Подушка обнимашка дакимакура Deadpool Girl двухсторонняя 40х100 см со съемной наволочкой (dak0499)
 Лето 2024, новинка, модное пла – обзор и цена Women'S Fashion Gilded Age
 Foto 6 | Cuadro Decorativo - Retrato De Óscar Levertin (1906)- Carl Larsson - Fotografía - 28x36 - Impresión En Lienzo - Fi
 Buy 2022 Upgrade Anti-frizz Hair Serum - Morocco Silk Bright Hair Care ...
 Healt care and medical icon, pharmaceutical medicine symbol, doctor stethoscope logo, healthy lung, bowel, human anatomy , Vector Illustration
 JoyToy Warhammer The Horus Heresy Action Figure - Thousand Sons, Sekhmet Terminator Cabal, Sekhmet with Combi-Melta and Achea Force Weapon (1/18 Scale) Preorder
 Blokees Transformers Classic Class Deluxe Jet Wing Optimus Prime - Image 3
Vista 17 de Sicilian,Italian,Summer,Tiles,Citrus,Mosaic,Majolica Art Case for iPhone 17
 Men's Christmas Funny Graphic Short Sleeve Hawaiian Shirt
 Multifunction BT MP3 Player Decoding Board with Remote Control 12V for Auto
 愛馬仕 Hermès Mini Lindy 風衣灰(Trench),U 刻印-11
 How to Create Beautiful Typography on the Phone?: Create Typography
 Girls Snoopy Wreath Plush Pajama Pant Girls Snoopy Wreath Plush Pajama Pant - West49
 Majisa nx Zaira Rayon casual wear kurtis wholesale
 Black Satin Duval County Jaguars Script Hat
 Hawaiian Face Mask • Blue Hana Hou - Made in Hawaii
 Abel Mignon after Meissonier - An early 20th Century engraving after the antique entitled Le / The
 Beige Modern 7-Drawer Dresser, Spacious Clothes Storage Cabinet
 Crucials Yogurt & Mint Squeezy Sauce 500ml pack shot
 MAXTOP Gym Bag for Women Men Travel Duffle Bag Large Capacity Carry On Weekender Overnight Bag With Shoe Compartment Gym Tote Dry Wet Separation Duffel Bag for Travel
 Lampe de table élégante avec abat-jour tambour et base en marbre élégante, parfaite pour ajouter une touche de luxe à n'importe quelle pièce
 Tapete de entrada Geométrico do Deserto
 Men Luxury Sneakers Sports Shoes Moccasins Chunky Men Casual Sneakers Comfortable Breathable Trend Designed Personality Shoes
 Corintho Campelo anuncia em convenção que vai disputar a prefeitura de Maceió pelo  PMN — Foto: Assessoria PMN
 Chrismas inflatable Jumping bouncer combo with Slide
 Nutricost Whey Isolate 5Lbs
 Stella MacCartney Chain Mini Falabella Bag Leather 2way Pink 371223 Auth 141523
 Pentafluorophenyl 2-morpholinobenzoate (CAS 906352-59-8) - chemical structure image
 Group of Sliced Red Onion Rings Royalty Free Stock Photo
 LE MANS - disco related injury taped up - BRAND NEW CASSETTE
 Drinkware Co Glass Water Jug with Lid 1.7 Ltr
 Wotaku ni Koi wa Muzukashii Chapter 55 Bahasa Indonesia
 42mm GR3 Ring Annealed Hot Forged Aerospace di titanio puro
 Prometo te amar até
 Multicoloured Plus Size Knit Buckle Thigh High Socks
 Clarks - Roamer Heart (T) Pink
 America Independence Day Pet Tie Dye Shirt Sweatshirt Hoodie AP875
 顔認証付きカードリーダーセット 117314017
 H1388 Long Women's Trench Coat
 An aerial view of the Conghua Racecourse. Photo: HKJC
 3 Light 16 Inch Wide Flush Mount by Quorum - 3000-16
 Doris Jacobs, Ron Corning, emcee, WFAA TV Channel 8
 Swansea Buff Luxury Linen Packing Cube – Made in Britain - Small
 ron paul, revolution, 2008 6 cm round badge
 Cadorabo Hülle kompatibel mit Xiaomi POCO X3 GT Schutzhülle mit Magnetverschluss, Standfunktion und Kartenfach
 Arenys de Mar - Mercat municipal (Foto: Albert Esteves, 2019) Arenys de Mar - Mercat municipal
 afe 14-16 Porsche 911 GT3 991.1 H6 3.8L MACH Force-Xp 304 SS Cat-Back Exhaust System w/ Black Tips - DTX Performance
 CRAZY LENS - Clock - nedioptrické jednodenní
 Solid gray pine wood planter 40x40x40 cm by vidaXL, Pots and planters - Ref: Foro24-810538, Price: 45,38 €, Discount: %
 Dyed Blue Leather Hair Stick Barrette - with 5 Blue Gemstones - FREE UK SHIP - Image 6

EXERCISE DIRECTIONS: Once more, give all the records exactly as they were written.

THE ANSWER:
Подушка обнимашка дакимакура Deadpool Girl двухсторонняя 40х100 см со съемной наволочкой (dak0499)
 Лето 2024, новинка, модное пла – обзор и цена Women'S Fashion Gilded Age
 Foto 6 | Cuadro Decorativo - Retrato De Óscar Levertin (1906)- Carl Larsson - Fotografía - 28x36 - Impresión En Lienzo - Fi
 Buy 2022 Upgrade Anti-frizz Hair Serum - Morocco Silk Bright Hair Care ...
 Healt care and medical icon, pharmaceutical medicine symbol, doctor stethoscope logo, healthy lung, bowel, human anatomy , Vector Illustration
 JoyToy Warhammer The Horus Heresy Action Figure - Thousand Sons, Sekhmet Terminator Cabal, Sekhmet with Combi-Melta and Achea Force Weapon (1/18 Scale) Preorder
 Blokees Transformers Classic Class Deluxe Jet Wing Optimus Prime - Image 3
Vista 17 de Sicilian,Italian,Summer,Tiles,Citrus,Mosaic,Majolica Art Case for iPhone 17
 Men's Christmas Funny Graphic Short Sleeve Hawaiian Shirt
 Multifunction BT MP3 Player Decoding Board with Remote Control 12V for Auto
 愛馬仕 Hermès Mini Lindy 風衣灰(Trench),U 刻印-11
 How to Create Beautiful Typography on the Phone?: Create Typography
 Girls Snoopy Wreath Plush Pajama Pant Girls Snoopy Wreath Plush Pajama Pant - West49
 Majisa nx Zaira Rayon casual wear kurtis wholesale
 Black Satin Duval County Jaguars Script Hat
 Hawaiian Face Mask • Blue Hana Hou - Made in Hawaii
 Abel Mignon after Meissonier - An early 20th Century engraving after the antique entitled Le / The
 Beige Modern 7-Drawer Dresser, Spacious Clothes Storage Cabinet
 Crucials Yogurt & Mint Squeezy Sauce 500ml pack shot
 MAXTOP Gym Bag for Women Men Travel Duffle Bag Large Capacity Carry On Weekender Overnight Bag With Shoe Compartment Gym Tote Dry Wet Separation Duffel Bag for Travel
 Lampe de table élégante avec abat-jour tambour et base en marbre élégante, parfaite pour ajouter une touche de luxe à n'importe quelle pièce
 Tapete de entrada Geométrico do Deserto
 Men Luxury Sneakers Sports Shoes Moccasins Chunky Men Casual Sneakers Comfortable Breathable Trend Designed Personality Shoes
 Corintho Campelo anuncia em convenção que vai disputar a prefeitura de Maceió pelo  PMN — Foto: Assessoria PMN
 Chrismas inflatable Jumping bouncer combo with Slide
 Nutricost Whey Isolate 5Lbs
 Stella MacCartney Chain Mini Falabella Bag Leather 2way Pink 371223 Auth 141523
 Pentafluorophenyl 2-morpholinobenzoate (CAS 906352-59-8) - chemical structure image
 Group of Sliced Red Onion Rings Royalty Free Stock Photo
 LE MANS - disco related injury taped up - BRAND NEW CASSETTE
 Drinkware Co Glass Water Jug with Lid 1.7 Ltr
 Wotaku ni Koi wa Muzukashii Chapter 55 Bahasa Indonesia
 42mm GR3 Ring Annealed Hot Forged Aerospace di titanio puro
 Prometo te amar até
 Multicoloured Plus Size Knit Buckle Thigh High Socks
 Clarks - Roamer Heart (T) Pink
 America Independence Day Pet Tie Dye Shirt Sweatshirt Hoodie AP875
 顔認証付きカードリーダーセット 117314017
 H1388 Long Women's Trench Coat
 An aerial view of the Conghua Racecourse. Photo: HKJC
 3 Light 16 Inch Wide Flush Mount by Quorum - 3000-16
 Doris Jacobs, Ron Corning, emcee, WFAA TV Channel 8
 Swansea Buff Luxury Linen Packing Cube – Made in Britain - Small
 ron paul, revolution, 2008 6 cm round badge
 Cadorabo Hülle kompatibel mit Xiaomi POCO X3 GT Schutzhülle mit Magnetverschluss, Standfunktion und Kartenfach
 Arenys de Mar - Mercat municipal (Foto: Albert Esteves, 2019) Arenys de Mar - Mercat municipal
 afe 14-16 Porsche 911 GT3 991.1 H6 3.8L MACH Force-Xp 304 SS Cat-Back Exhaust System w/ Black Tips - DTX Performance
 CRAZY LENS - Clock - nedioptrické jednodenní
 Solid gray pine wood planter 40x40x40 cm by vidaXL, Pots and planters - Ref: Foro24-810538, Price: 45,38 €, Discount: %
 Dyed Blue Leather Hair Stick Barrette - with 5 Blue Gemstones - FREE UK SHIP - Image 6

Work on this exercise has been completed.